:: Work to be completed ::
Locate the line that contains "Fashion Dainty Toggle". Retype it and every line after it to the end of the records, exactly, but not the pictures.

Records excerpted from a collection
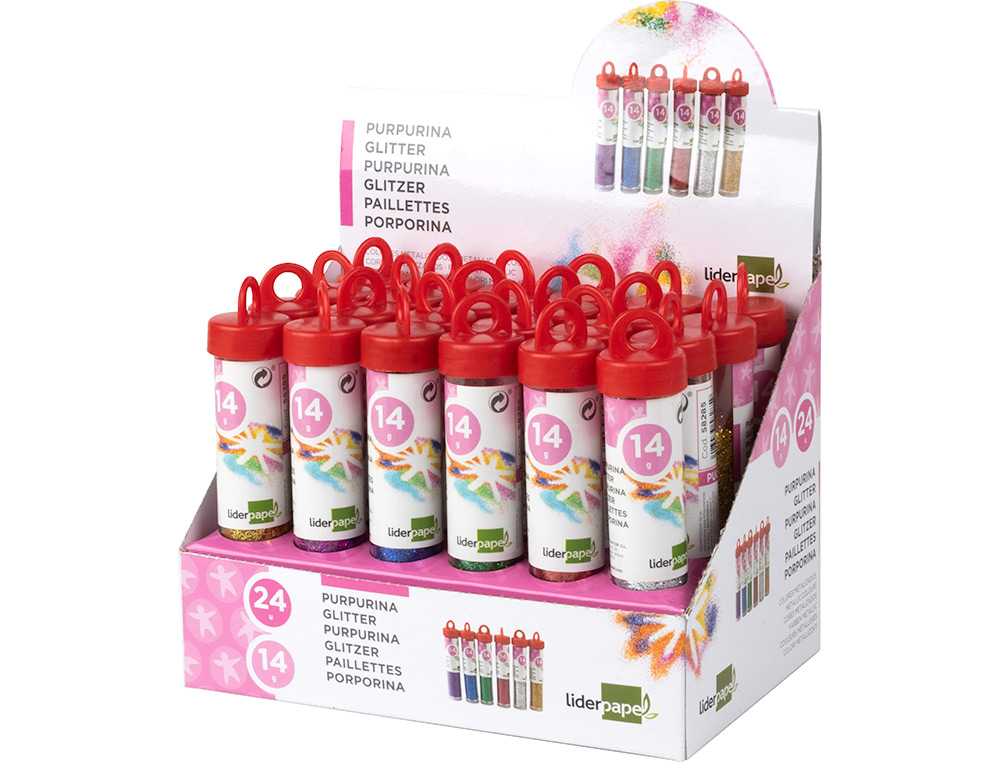PURPURINA LIDERPAPEL FANTASIA CORES METALICAS SORTIDAS FRASCO DE 14 GR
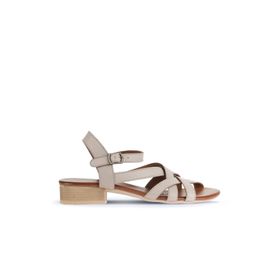 Bueno Shoes 01WA7300 Gri Deri Kadın Sandalet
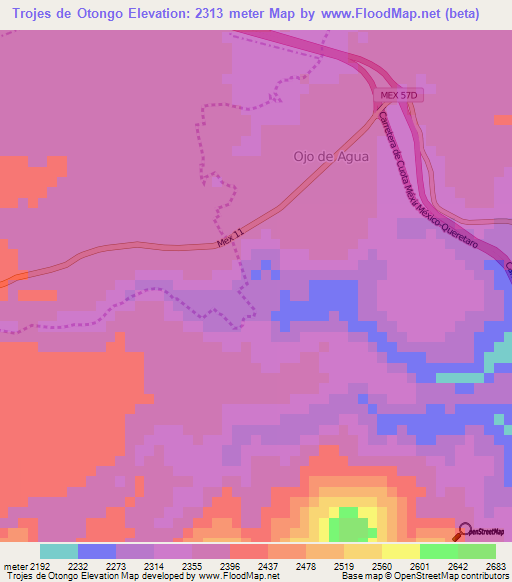 Trojes de Otongo,Mexico Elevation Map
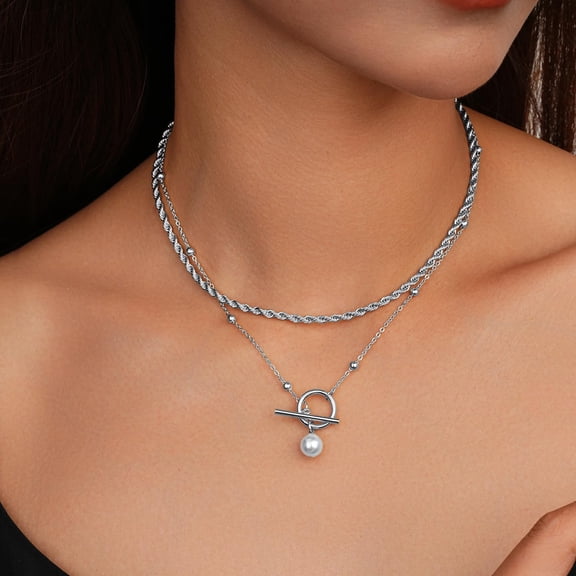 Fashion Dainty Toggle Clasp Pendant Necklaces For Women, Silver / 14K Plated Gold Layered Necklaces For Women, Herringbone Necklace Cuban Link Paperclip Chain Necklace For Women Trendy[o4621]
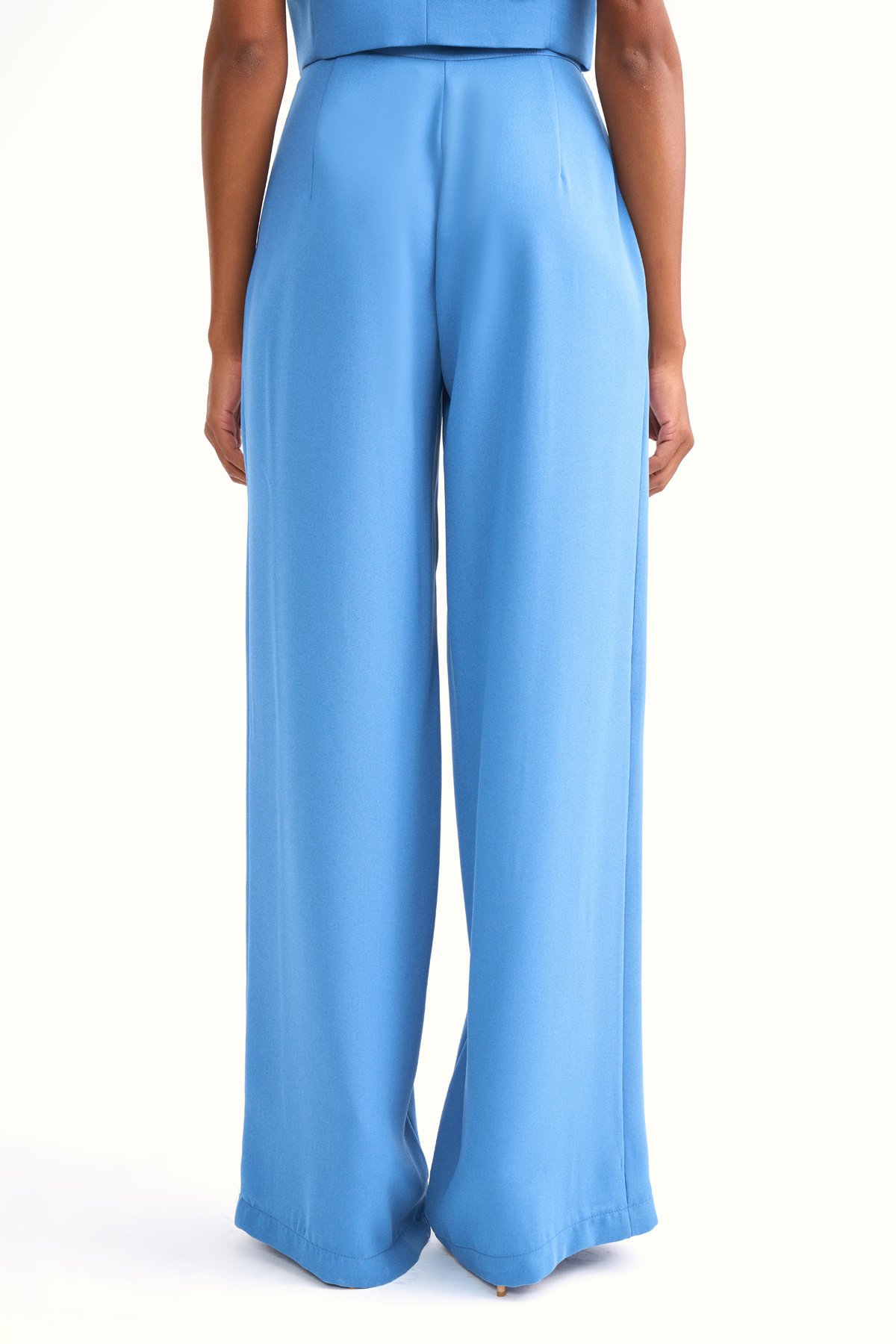 Wide leg crepe trousers - BLUES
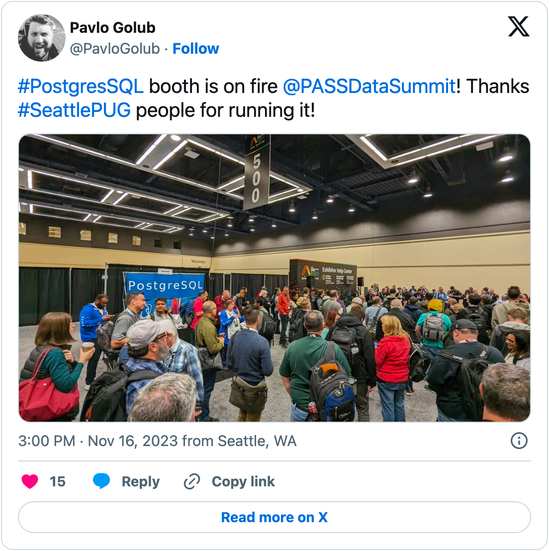 Figure17-screenshot-PavloGolub-tweet-of-PostgreSQL-booth-at-PASSDataSummit-2023.png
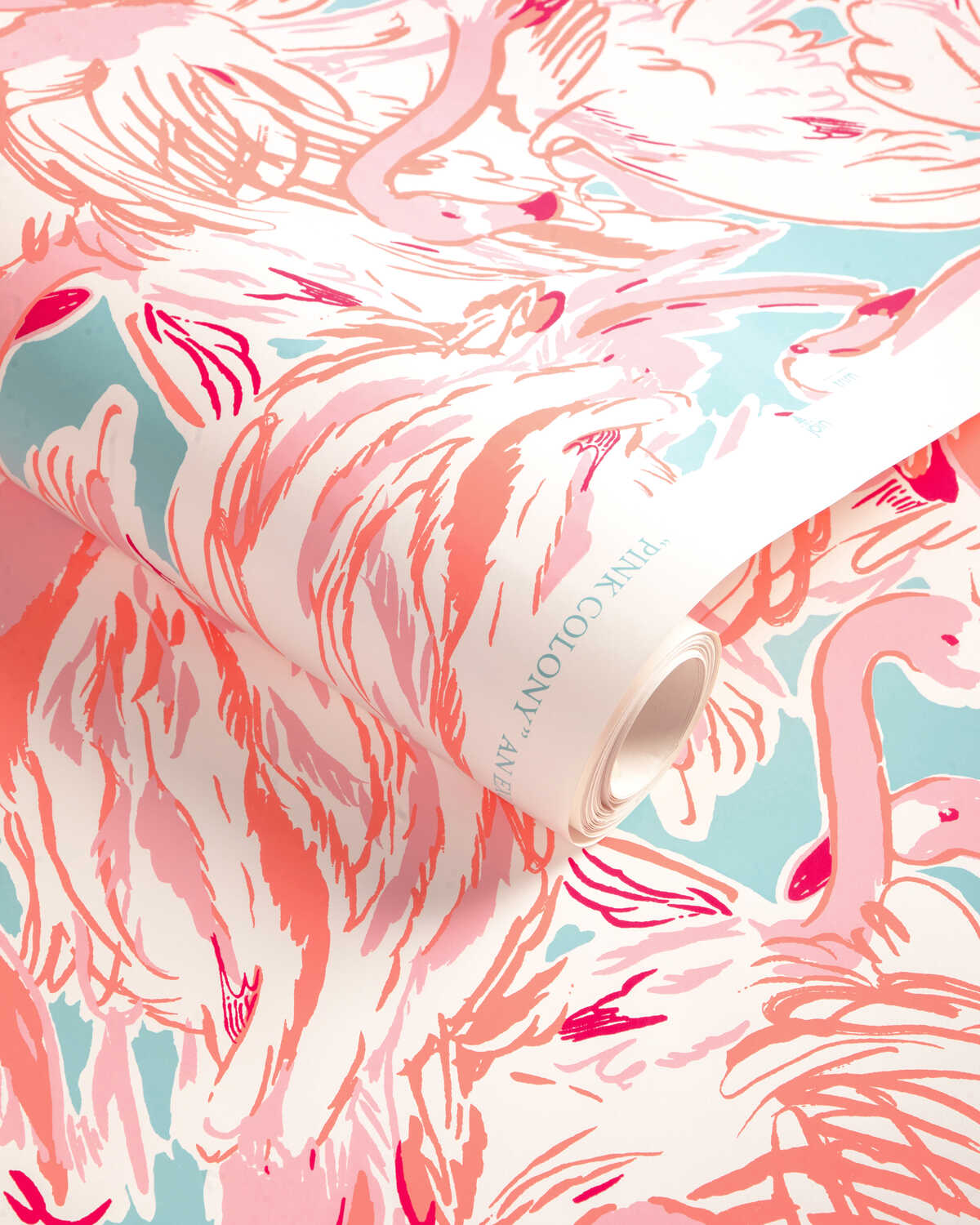 Pink Colony Wp - Aqua/Pink - LEE JOFA Wallpaper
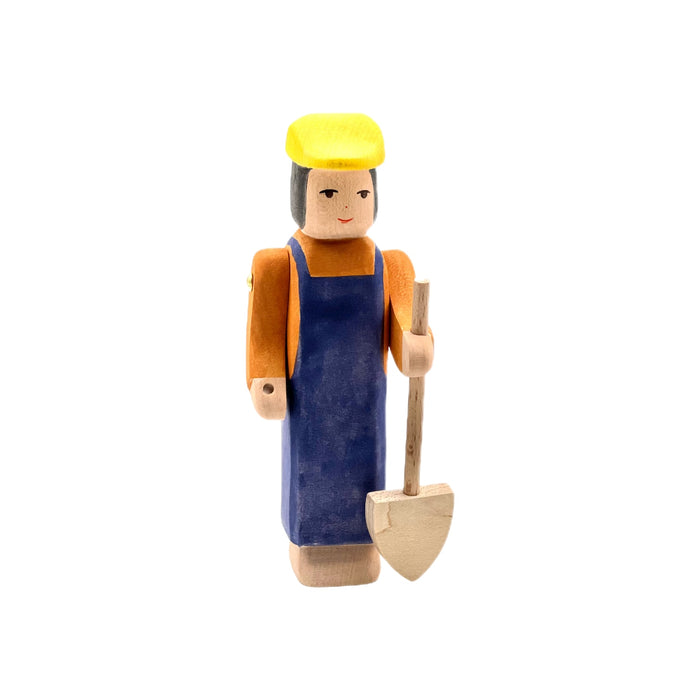 Handcrafted Open Ended Wooden Toy Figure Family - Construction Worker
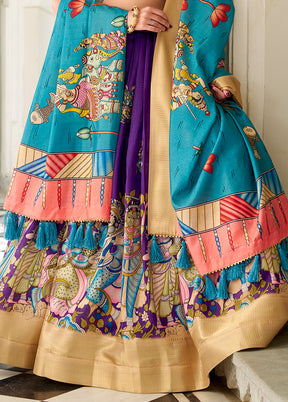 3 Pc Multicolor Silk Semi Stitched Lehenga Set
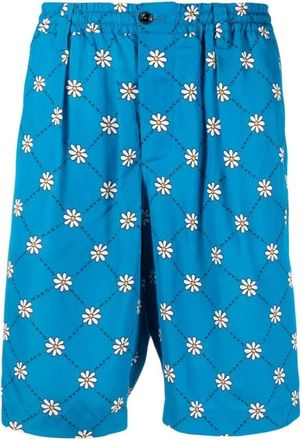 Marni Floral Print Track Shorts Elasticated Waistband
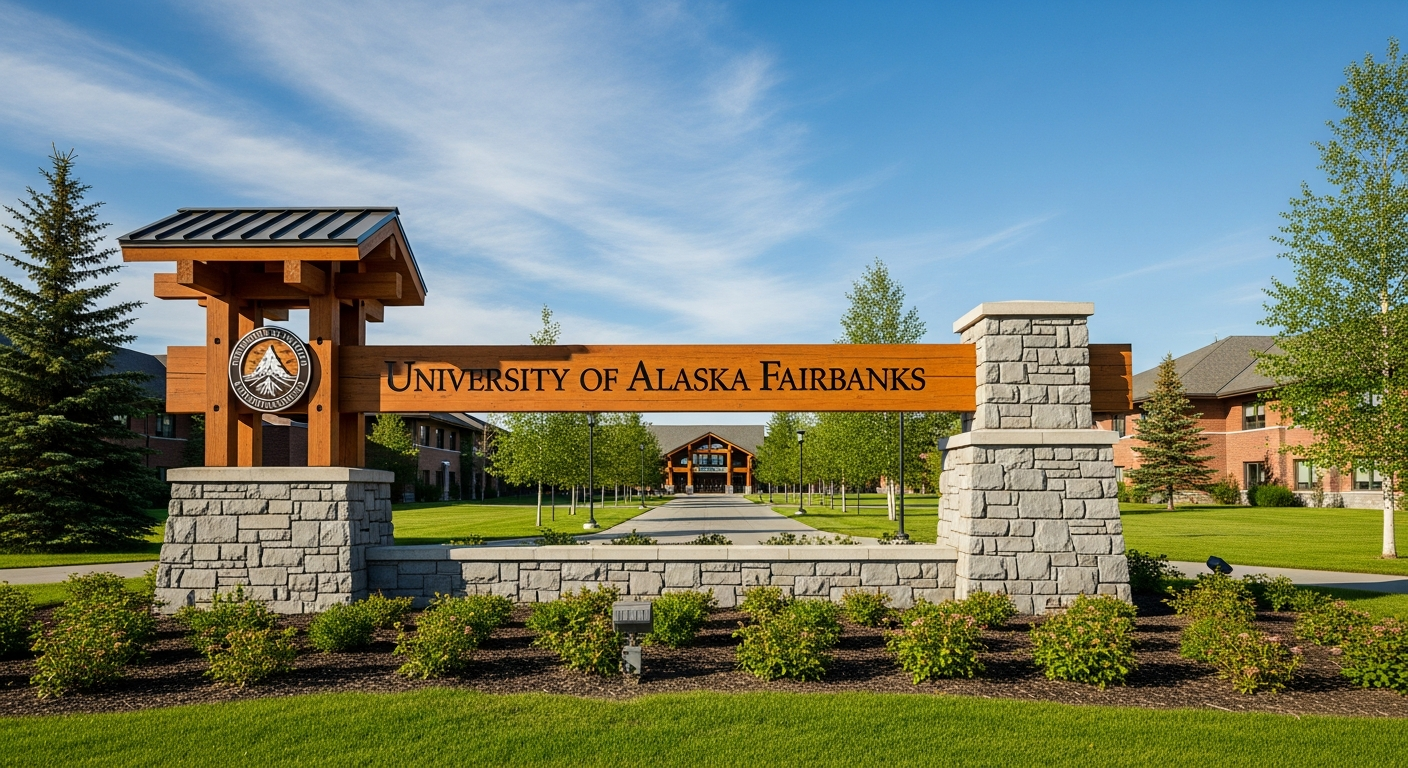 iconic campus entrance gate or sign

:: Answer section ::
 Fashion Dainty Toggle Clasp Pendant Necklaces For Women, Silver / 14K Plated Gold Layered Necklaces For Women, Herringbone Necklace Cuban Link Paperclip Chain Necklace For Women Trendy[o4621]
 Wide leg crepe trousers - BLUES
 Figure17-screenshot-PavloGolub-tweet-of-PostgreSQL-booth-at-PASSDataSummit-2023.png
 Pink Colony Wp - Aqua/Pink - LEE JOFA Wallpaper
 Handcrafted Open Ended Wooden Toy Figure Family - Construction Worker
 3 Pc Multicolor Silk Semi Stitched Lehenga Set
 Marni Floral Print Track Shorts Elasticated Waistband
 iconic campus entrance gate or sign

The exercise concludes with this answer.